I may have mentioned it some months ago, albeit briefly: there’s a strategy that is maybe worth pursuing that is a blend (OK, mishmash) of Luigi Garlaschelli’s ideas and my own. It would start with his use of a pigment paste to imprint features from a real subject onto linen (being careful to avoid going “too far round the sides, i.e. being content with a shallow bas-relief effect. Now if you go to his papers you will see there is then a baking stage in an oven (intended partially or primarily to mimic age-related yellowing of the linen), but there is also mention of pigment subsequently flaking off, leaving a residual image, the nature of which is unspecified. Hugh Farey here has for some time been hypothesizing that the Shroud image is a ‘shadow’ or faint signature of something that was originally more prominent, prior to a flaking off (and I have said the same previously re partially or extensively flaked-off bloodstains).
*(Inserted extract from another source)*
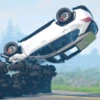 Car Crash Simulator 3D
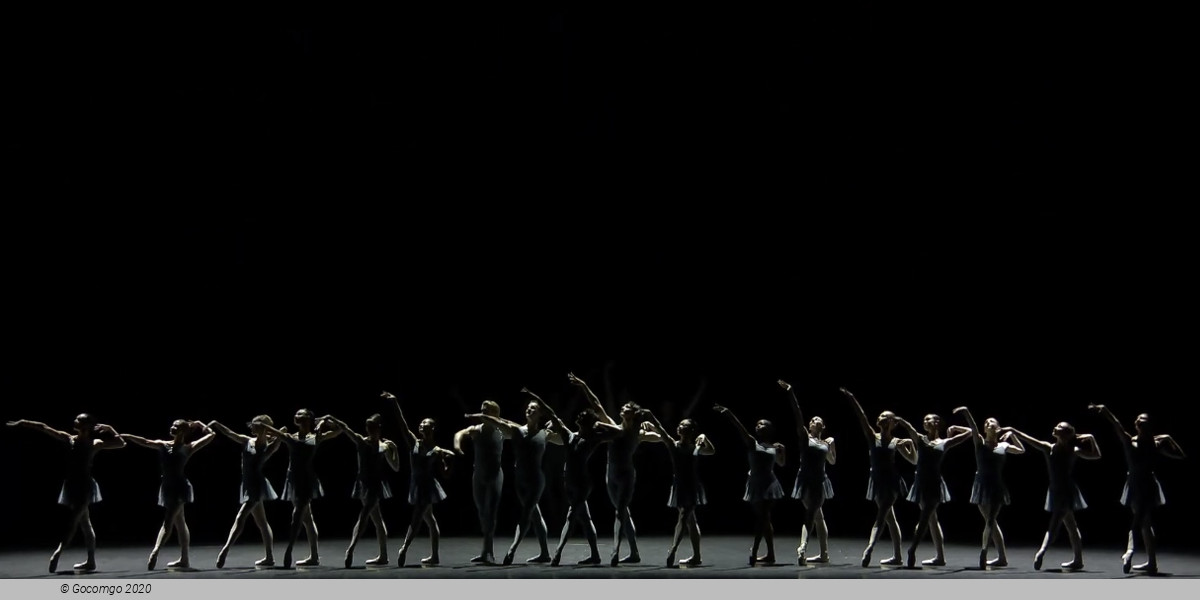 Trilogie, photo 6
Is anyone thinking what I am thinking? The oven treatment did more than just artificially age the linen. It produced a more pronounced and highly localized chemical reaction between the pigment and the underlying linen that might be described as thermochemical imprinting via temperature-assisted chemical ‘scorching’. The phenomenon is not too dissimilar to the one I described in my very first posting on the TS, referred to as thermo-stencilling:
There I used charcoal as the pigment, and radiant heat at a distance to get it hot (rather than baking in an air oven, or direct contact say with a hot iron). But the end -result is/was (or could have been) the same – localised scorching of the linen in contact with pigment. This model has similarities and differences with the direct scorching model that I later adopted using heated metal or ceramic templates like a “cattle brand” instead of a real subject. But then ideas evolve (sometimes getting side-tracked!) and I have always been impressed with Garlaschelli’s end-result, differing only with his interpretation of how the end-result was achieved, a closer scrutiny of that oven-baking step perhaps being required.
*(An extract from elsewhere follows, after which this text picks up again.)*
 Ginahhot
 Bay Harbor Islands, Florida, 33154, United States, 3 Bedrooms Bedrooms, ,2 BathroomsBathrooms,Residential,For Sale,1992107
There’s more one could say about the chemistry that produces the scorch, which probably involves chemical dehydration reactions that are a sub-group of “scorching”, but that can be explored another time. The role of iron and its compounds is worth studying, especially in the light of McCrone’s (prematurely?) discredited results and interpretation thereof, recalling that Luigi used ochre – a form of iron oxide – as his imprinting pigment. Might it have had acidic impurities, producing thermochemical dehydration of linen carbohydrates, allowing scorching at lower temperatures than required for direct hot template contact?
Thanks for the reminder re Luigi G. and his fascinating experiment.